*** Block opens ***

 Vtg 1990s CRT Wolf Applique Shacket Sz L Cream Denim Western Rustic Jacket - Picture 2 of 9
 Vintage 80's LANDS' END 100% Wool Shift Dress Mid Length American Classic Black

*** Block closes ***
*** Block opens ***

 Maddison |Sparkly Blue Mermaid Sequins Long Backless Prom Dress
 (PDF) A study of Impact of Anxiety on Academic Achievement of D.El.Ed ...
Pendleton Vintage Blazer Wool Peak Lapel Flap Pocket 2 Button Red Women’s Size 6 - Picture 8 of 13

*** Block closes ***
*** Block opens ***

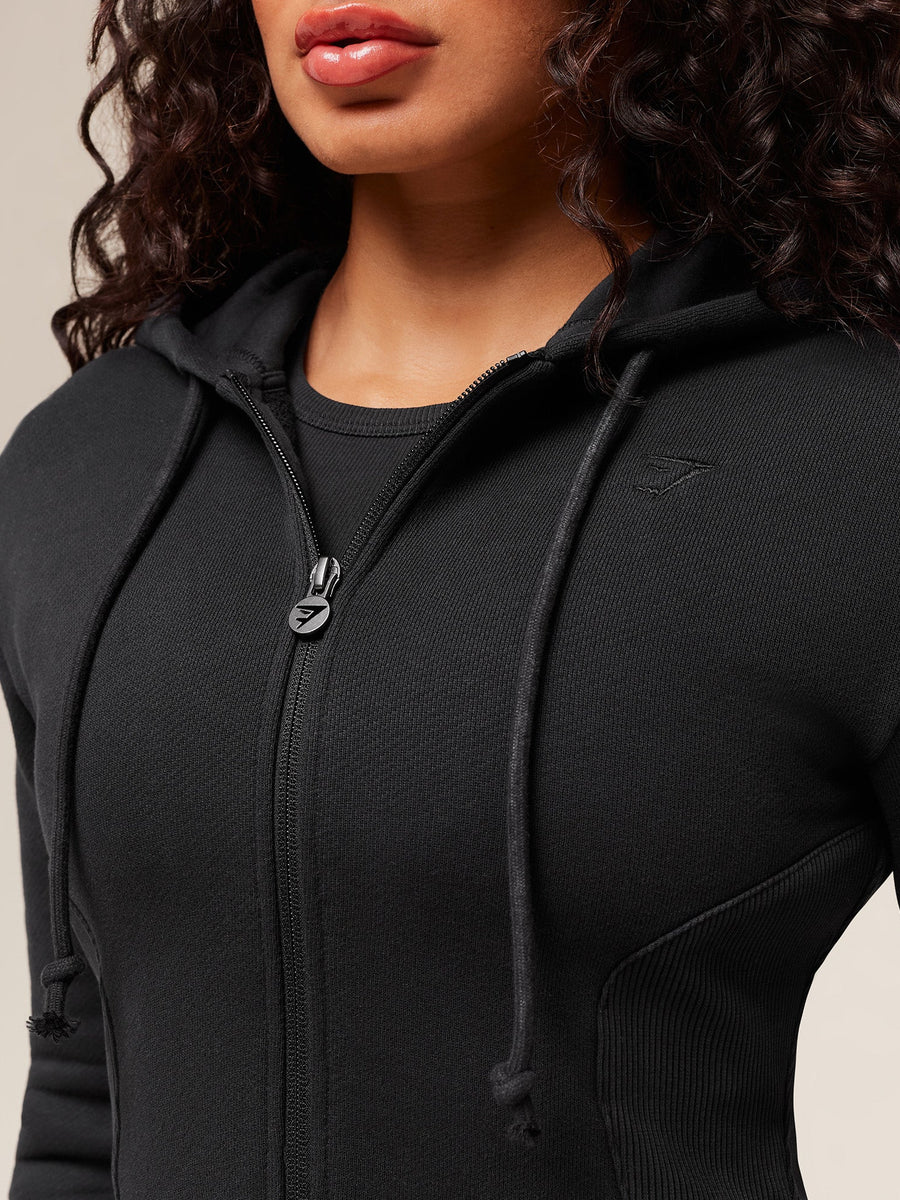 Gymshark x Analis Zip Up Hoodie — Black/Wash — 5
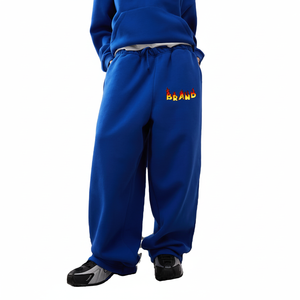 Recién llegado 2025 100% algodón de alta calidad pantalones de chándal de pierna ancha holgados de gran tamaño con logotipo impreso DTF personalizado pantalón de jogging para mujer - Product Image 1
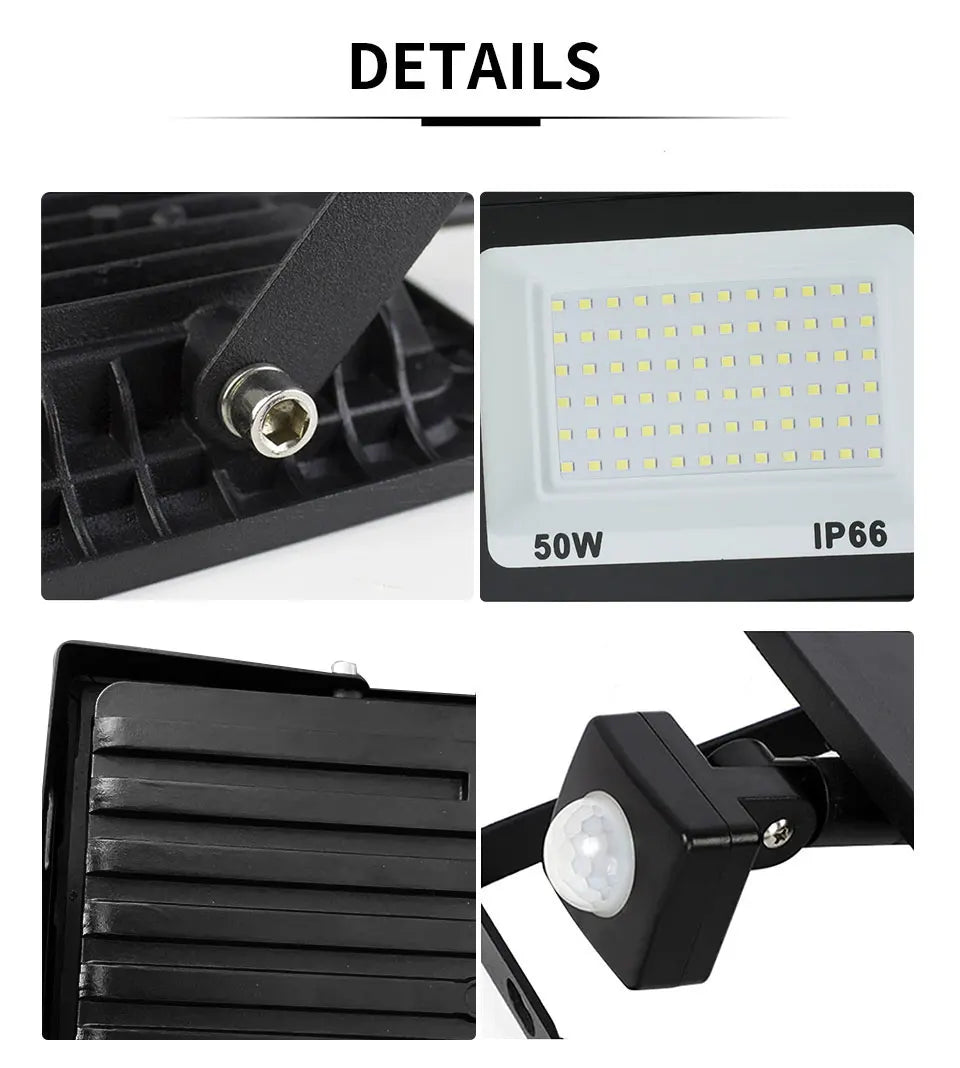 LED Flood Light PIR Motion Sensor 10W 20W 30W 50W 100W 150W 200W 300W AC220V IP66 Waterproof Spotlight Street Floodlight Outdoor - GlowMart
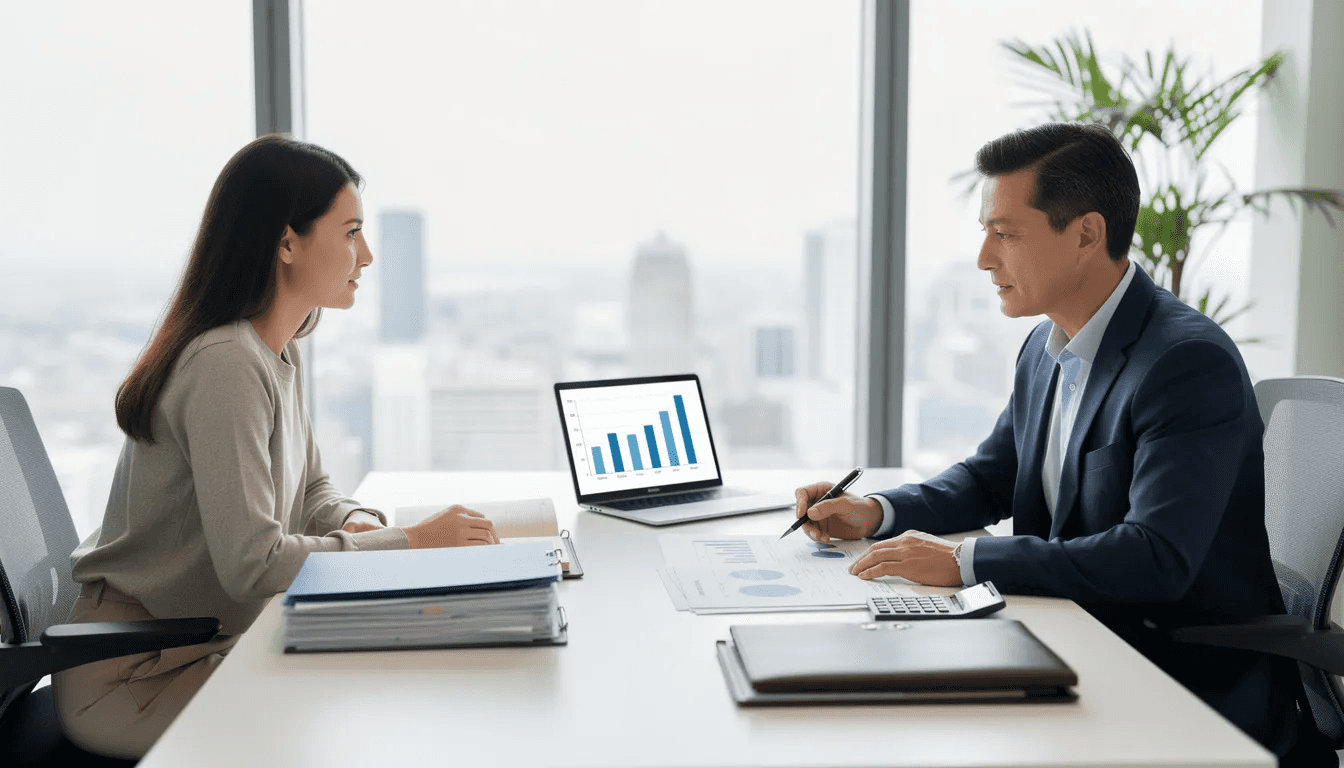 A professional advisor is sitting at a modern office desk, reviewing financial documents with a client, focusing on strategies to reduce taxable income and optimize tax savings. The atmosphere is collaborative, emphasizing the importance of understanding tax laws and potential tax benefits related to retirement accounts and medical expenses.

*** Block closes ***

* [The problem] Would you print exactly and only the lines of the material above that run from the line with "Vtg 1990s CRT" through the line with "Vintage 80's LANDS'", both included?

* [Exercise output]
 Vtg 1990s CRT Wolf Applique Shacket Sz L Cream Denim Western Rustic Jacket - Picture 2 of 9
 Vintage 80's LANDS' END 100% Wool Shift Dress Mid Length American Classic Black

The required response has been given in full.